There is nothing specifically directed towards ALS research in Canada. We were fortunate in the past to be able to secure matched dollars through the Canadian Brain Research Fund, in partnership Brain Canada, but those were matched dollars, and the only reason we had those dollars available was because of the ice bucket challenge. Other than that, we are a Cinderella disease, and we can't get out of that cycle.
We provide for gaps in the health care system. Our societies across the country work in a very strong collaborative model, and we are filling a gap within the provincial health care systems to provide hospital beds, wheelchairs, ceiling lifts, ramps, and things that enable people to stay in their homes, where they are best cared for, and out of the health care system.
We're grassroots fundraising organization, and we're now back to the fundraising levels we were at prior to that one anomaly, so we are back to about $2 million that we have to direct towards research. There is not the same opportunity going forward for the $10 million that we secured from Brain Canada, because we don't have a massive pool to draw from.

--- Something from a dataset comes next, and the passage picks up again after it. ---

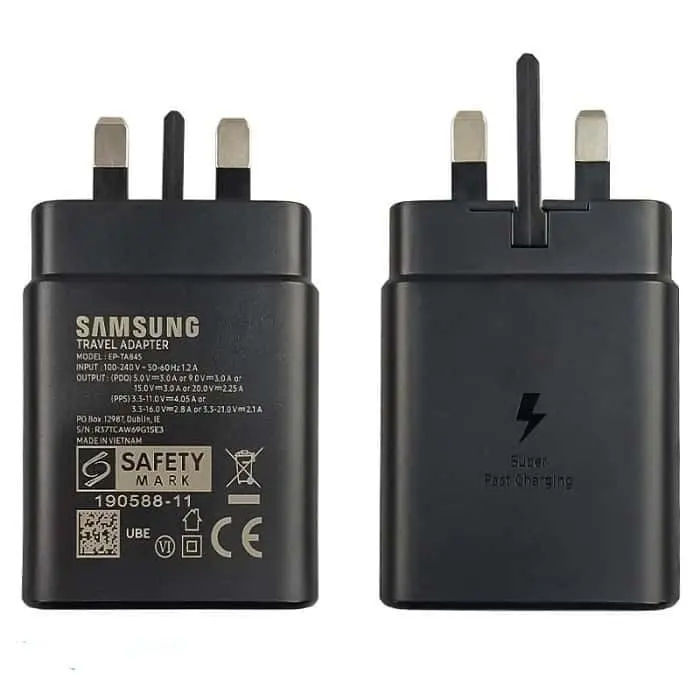 نمای جزئیات و ویژگی‌ها درباره آداپتور شارژر 45 وات سامسونگ GALAXY S25ULTRA مدل سه پین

Aside from that, our researchers have the opportunity to apply to programs like CIHR. However, because we are a relatively small population, both in terms of the number of Canadians living with ALS and the number of researchers, we have a very small opportunity for success within CIHR. Once again, it becomes this Cinderella disease. How can we possibly break this cycle using population-based research funding models or population-based research support?
I would even challenge that as we're talking about the support of clinical trials, we're talking about registries. The Canadian Institute for Health Information does not get down to the level of ALS when looking at a neurodegenerative disease, so the data collection on ALS within Canada is done by societies like mine, in partnership with donor-funded, volunteer-based organizations across the country. In P.E.I. there are three volunteers supporting the people living with ALS in their province. They are trying to help collect data to support advocacy efforts and to support clinical trial information. We need other systems in place to support rare disease, and diseases like ALS.